Instruction Following Notebook Interface using Phi 1.5

By now, we are no longer an alien to online LLM chat interfaces or even using open-source ones. Most of us are aware of websites like ChatGPT, Claude, and Hugging Chat. They provide great interfaces, streaming chat, and excellent context for long-form conversation. But how is such an interface created? Can we replicate such a continuous, streaming chat interface? May be not 100%, we can surely try to start somewhere, maybe with 10% of the functionality. That’s exactly what we will do in this article. We will create an instruction following (not chat, just instruction) notebook interface using a fine-tuned Phi 1.5 model.

Jump to Download Code

Figure 1. Output example when using instruction following notebook interface with an LLM.

We will cover the following topics in this article

We will start with a brief introduction of the dataset and the model. Although we will not cover the supervised fine-tuning of the model in detail, we will touch base.
After obtaining the trained models, we will get on to create the notebook interface code.
Next, we will test the model with several instructions to test how well our interface works.

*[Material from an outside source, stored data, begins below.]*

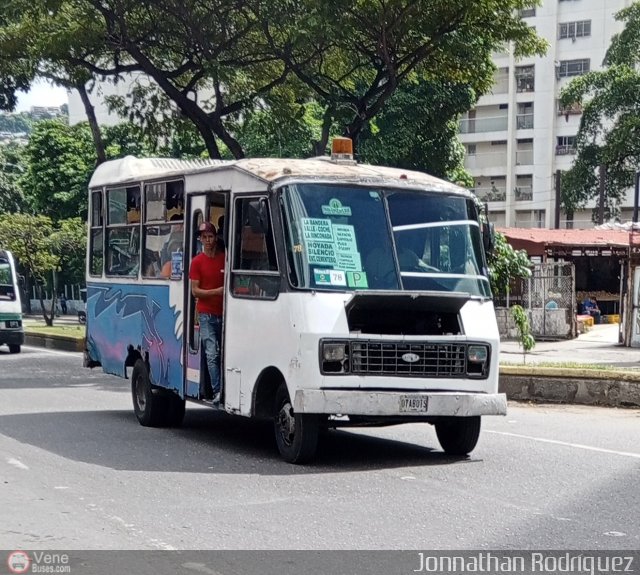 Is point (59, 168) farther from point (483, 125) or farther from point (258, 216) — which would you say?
point (258, 216)

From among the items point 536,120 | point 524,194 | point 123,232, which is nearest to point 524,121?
point 536,120

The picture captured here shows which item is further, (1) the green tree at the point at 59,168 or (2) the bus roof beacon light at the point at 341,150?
(1) the green tree at the point at 59,168

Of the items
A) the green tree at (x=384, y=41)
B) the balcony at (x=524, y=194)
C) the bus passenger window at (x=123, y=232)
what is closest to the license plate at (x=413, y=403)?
the bus passenger window at (x=123, y=232)

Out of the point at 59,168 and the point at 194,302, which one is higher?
the point at 59,168

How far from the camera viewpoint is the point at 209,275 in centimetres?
1166

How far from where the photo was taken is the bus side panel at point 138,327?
12469 millimetres

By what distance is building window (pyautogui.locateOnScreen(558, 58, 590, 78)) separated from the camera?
6881cm

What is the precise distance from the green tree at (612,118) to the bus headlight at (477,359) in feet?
121

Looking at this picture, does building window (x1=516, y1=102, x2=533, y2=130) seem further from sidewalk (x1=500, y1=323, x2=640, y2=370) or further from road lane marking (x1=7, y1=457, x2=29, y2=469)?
road lane marking (x1=7, y1=457, x2=29, y2=469)

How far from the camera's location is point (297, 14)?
22.1m

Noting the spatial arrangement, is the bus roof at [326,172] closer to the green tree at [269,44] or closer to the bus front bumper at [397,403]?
the bus front bumper at [397,403]

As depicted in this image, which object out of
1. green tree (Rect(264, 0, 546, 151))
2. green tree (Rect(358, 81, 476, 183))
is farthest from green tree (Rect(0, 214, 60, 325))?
green tree (Rect(264, 0, 546, 151))

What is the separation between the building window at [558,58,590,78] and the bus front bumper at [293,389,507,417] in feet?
201

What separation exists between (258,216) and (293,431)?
6.35ft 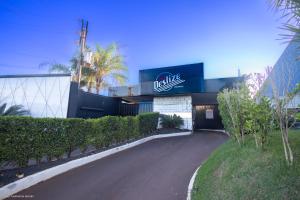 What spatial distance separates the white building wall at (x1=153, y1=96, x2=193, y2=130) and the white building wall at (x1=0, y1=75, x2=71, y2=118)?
8303mm

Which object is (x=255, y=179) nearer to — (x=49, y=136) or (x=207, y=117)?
(x=49, y=136)

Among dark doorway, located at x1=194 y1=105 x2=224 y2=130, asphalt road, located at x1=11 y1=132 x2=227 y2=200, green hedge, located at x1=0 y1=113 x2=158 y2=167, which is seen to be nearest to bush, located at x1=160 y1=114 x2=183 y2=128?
dark doorway, located at x1=194 y1=105 x2=224 y2=130

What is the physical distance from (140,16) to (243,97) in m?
10.7

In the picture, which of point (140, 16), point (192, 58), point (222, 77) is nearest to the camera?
point (140, 16)

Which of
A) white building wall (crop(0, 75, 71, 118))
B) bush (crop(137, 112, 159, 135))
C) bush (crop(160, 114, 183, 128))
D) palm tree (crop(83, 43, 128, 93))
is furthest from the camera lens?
palm tree (crop(83, 43, 128, 93))

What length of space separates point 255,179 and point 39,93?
13471mm

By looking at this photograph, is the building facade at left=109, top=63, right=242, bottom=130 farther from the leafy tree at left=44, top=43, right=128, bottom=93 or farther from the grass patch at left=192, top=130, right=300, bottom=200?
the grass patch at left=192, top=130, right=300, bottom=200

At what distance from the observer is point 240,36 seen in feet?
22.5

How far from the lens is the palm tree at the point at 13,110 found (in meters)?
11.5

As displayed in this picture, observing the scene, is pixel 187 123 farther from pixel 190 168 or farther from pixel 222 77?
pixel 190 168

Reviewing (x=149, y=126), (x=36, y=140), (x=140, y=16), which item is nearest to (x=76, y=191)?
(x=36, y=140)

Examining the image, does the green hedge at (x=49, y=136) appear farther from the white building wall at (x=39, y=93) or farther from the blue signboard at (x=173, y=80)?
the blue signboard at (x=173, y=80)

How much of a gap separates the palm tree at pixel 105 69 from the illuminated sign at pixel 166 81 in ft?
17.2

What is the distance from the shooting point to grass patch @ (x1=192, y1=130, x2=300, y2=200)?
9.22ft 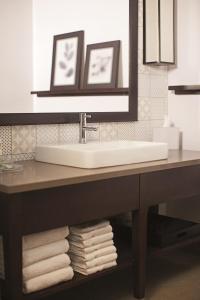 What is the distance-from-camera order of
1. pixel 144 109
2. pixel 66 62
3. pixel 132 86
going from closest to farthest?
pixel 66 62
pixel 132 86
pixel 144 109

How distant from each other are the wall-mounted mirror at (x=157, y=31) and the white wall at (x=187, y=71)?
5.2 inches

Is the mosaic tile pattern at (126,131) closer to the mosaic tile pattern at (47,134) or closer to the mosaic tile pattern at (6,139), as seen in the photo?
the mosaic tile pattern at (47,134)

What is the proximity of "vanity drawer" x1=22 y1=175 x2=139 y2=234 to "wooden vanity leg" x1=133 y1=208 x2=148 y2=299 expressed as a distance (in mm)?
70

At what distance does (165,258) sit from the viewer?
2.69 m

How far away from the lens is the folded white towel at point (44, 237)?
1631 mm

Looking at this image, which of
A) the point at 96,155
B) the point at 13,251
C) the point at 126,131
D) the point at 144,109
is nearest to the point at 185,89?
the point at 144,109

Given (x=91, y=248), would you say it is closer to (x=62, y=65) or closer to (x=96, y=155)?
(x=96, y=155)

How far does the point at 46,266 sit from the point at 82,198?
279mm

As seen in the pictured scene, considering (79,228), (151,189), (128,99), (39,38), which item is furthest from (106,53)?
(79,228)

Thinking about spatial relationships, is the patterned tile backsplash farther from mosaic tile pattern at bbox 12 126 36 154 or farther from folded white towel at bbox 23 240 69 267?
folded white towel at bbox 23 240 69 267

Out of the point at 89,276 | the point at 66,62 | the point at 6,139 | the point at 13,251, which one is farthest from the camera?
the point at 66,62

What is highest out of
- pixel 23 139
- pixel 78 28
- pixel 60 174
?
pixel 78 28

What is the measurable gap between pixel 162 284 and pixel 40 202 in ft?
3.32

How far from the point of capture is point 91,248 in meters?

Why is what we are creating here interesting?

It will entirely run on a Jupyter Notebook.
We will not need to execute one cell after another to prompt the model. It will be a minimal yet seamless instruction following the notebook interface.
The model will not just throw the entire response at once. Instead, it is going to be streaming text which is just like how it happens on all the LLM chat websites.

I hope the above prospects interest you. Let’s jump into the technical part of the article now.

The Alpaca Dataset and the Trained Phi 1.5 Model

To create the instruction following notebook interface we will use an instruction tuned Phi 1.5 model. It has been trained on the Alpaca instruction following dataset using the QLoRA method. We will not go into the details of the dataset or the training process in this article. Please take a look at the Fine Tuning Phi 1.5 using QLoRA article to learn more about the process.

Figure 2. Jupyter Notebook instruction following interface with Phi 1.5.

We will use a model checkpoint trained with the same method here. However, one important aspect that we need to cover is the format of the dataset which directly affects the prompt creation process. The dataset contains instructions, input, and response indicators. That will make our prompt format like the following when creating the prompts for the notebook interface.

prompt = """### Instruction:
{instruction}

### Input:
{inputs}

### Response:
"""

In short, our prompt will contain a mandatory instruction, an optional input, and a response tag so that the model knows how to start following our instructions. More on this later while creating the notebook.

Project Directory Structure

Let’s take a look at the directory structure before moving forward.

├── outputs
│   └── phi_1_5_alpaca_qlora
│       ├── best_model
│       └── logs
├── instruction_interface.ipynb
├── phi_1_5_alpaca_qlora.ipynb
└── requirements.txt

First, we have the outputs folder containing the best model checkpoints that we will use during inference.
Second, we have two notebooks, the phi_1_5_alpaca_qlora.ipynb for training and the instruction_interface.ipynb for instruction-following interface. You can take an in-depth look at the training notebook and run it in case you want to train your own model.
Third, we have a requirements text file for easier installation of all the requirements.

All the trained adapters and both the notebooks and available via the download section. You can directly use the notebooks and start giving instructions to the Phi 1.5 model and play around with it.

After downloading and extracting the zip file, be sure to install the requirements using the following command.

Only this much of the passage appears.